Sunday, March 3, 2013


Do we get the democracy we deserve?



Doing interviews and surveys to prove that the American electorate is woefully uninformed of the most elementary facts about our politics is a cottage industry among social scientists and journalists. Again and again we are told that people who go to the polls, usually have no idea of who they are voting for and why.

As a result working people vote for governors who are openly anti-labor. Women passionately support candidates who are unabashedly sexist.

Voters are confused about the issues as illustrated by the Tea Partier who was reported to have said: “Don’t let the government mess with my Medicare.”

Ill-informed voters cast their votes pretty randomly. What we get is a government that acts pretty randomly. The Republican opposition to raising taxes and the Democratic nostrums for getting the economy going are not based on facts, on economic experience but on vague assumptions about what rich people will do with their money if their taxes are reduced, or what poor people would do if some government program would put a little bit more money in their pocket.

We do, indeed, get the government we deserve. A government elected by the uninformed is going to be a government of the uninformed.

And what should we be doing about that?

The most common answer to that question is: “education.” But education teaches only those who want to learn. You can have people sit in a classroom for a long time. If they are not interested in learning they are not going to learn anything. They may do all the work assigned, they may pass the exams with flying colors but if they don’t care about the subject, they will forget overnight what they knew yesterday.

The real problem is that people are not interested in our democracy. They find politics confusing, they find it boring, they find it, most of all, pointless.

Politics appears pointless because ordinary citizens do not have anything to say. Contrary to the story we tell about democracy, that it is “government of, for, and by the people” no one has asked my opinion lately. Did anyone ask you?

Politicians more or less eloquently talk at us, they will claim grandly that “the American people will not stand for….” And I hear this and say to myself: Did that person ask me? How does he know about what the American people will stand for if he does not ask and also if he does not listen?

It is not unreasonable to say that ours is a government of, for, and by politicians (and some other people we’ll mention later.) So it is of no interest to me, the ordinary citizen, because it does not have any effect on my life that I can do anything about.

The ordinary citizen’s refusal to participate in politics may well result from a certain resentment. No one cares about what I think. But a lot of people care about what the heads of large financial institutions, of large corporations think because they will drop several million dollars in political action committee coffers in order to push their own, private interests.

Not only does no one listen to what you and I think, but they do listen to what the rich people think. That is clearly unfair, it is undemocratic and, in so far as democracy is an important part of America, it is unpatriotic. It makes me mad and therefore I won’t have anything to do with politics.

But there are other reasons for being indifferent to politics. In contemporary America that is what citizens are supposed to be. Our government is no longer a government of the people because people today are not supposed to participate.

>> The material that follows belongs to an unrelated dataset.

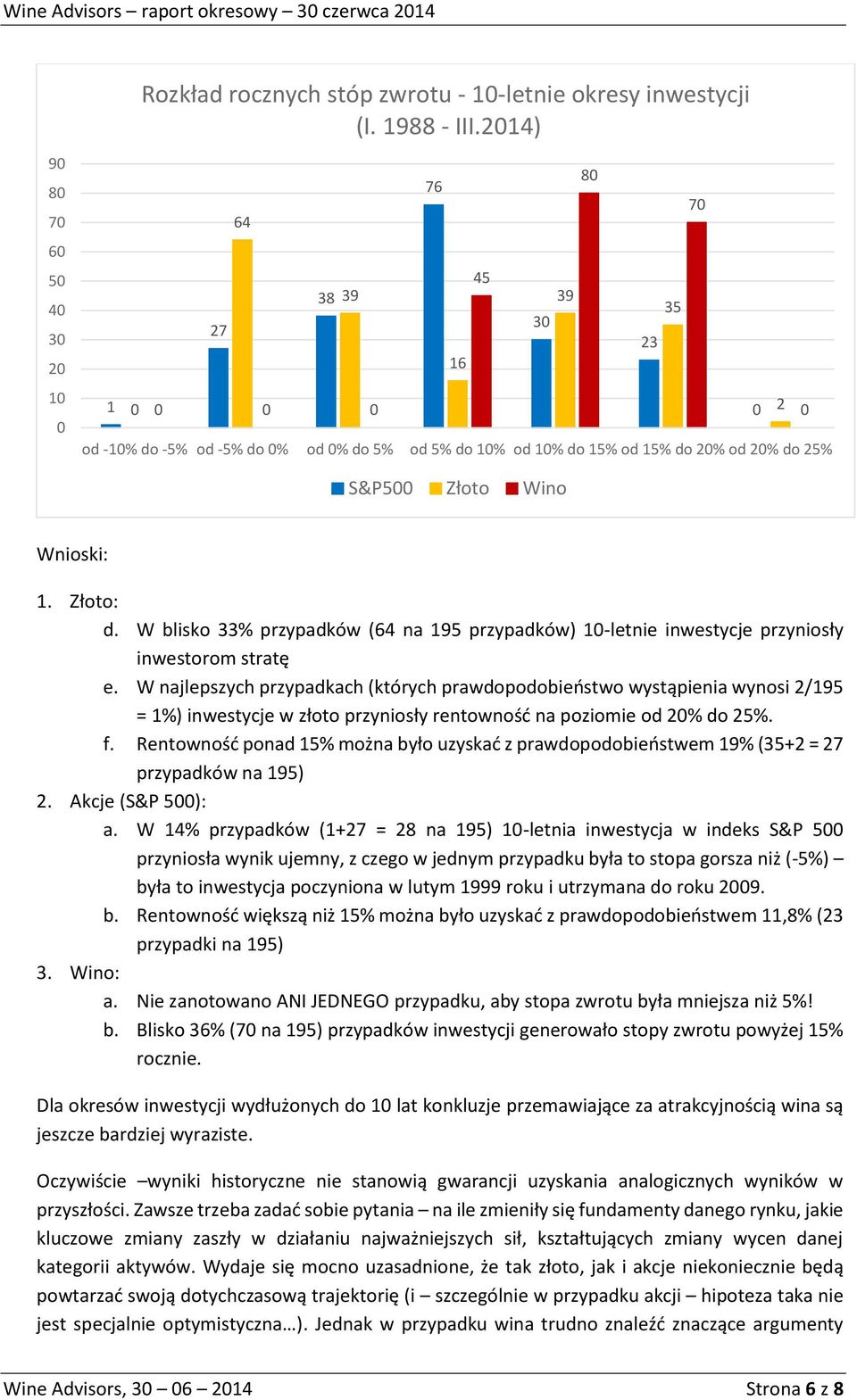 Wino Wnioski: 1. Złoto: d. W blisko 33% przypadków (64 na 195 przypadków) 10-letnie inwestycje przyniosły inwestorom stratę e.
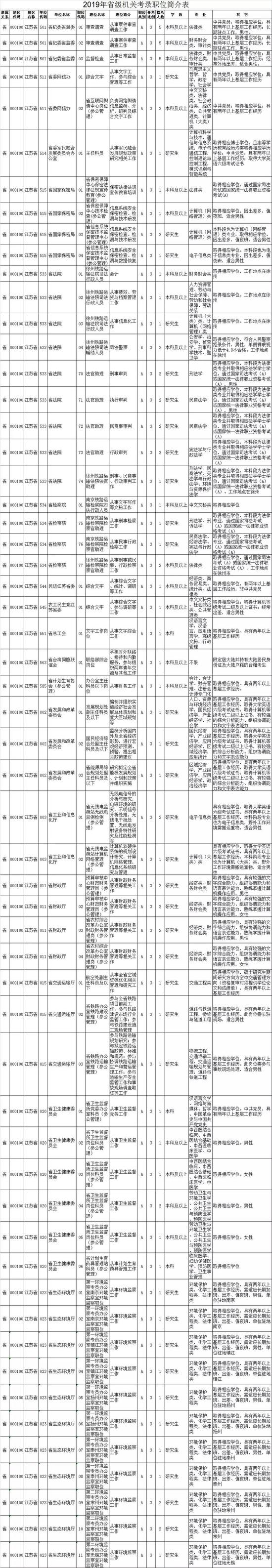 最新！江苏公务员招录职位表公布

Remember George Bush after 9/11? He told us all to go shopping. Responding to a major attack on our country we are told not to bother our poor little heads about what to do – let the government take care of that, our job is to spend money. And of course before you spend money you have to earn it. And that has become the main occupation of citizens.

In the past there were the Minutemen, the farmers and artisans, who left fields and workshops to take up their muskets and defend American independence against King George. In the past our liberties were for every citizen to protect. Not anymore. We now leave it to the government and go to the mall instead.

When politicians from the president on down talk about schools and education, they always say education is supposed to prepare us for jobs, for working, for making money, for being consumers. Very rarely does anyone talk about education as the preparation for being citizens.

The country faces many serious problems which are not easy to understand. But education does not prepare us to participate in thinking about those problems. It simply prepares us for being good employees, for being productive, for putting more money in the corporations' coffers.

It is the government itself that wages this campaign to discourage citizens from participating in politics. Not only don’t they pay attention to citizens except during election seasons, but they let it be known that we should not bother about politics because they would take care of it.

Are they taking care of it? You tell me.

And, what is worse, we are letting them make a mess of it by speechifying, posturing, pointing fingers at each other and making secret deals with people they get money from. We are allowing them to be incompetent, hypocritical, elitist and undemocratic.

It looks as if we were getting the democracy we deserve.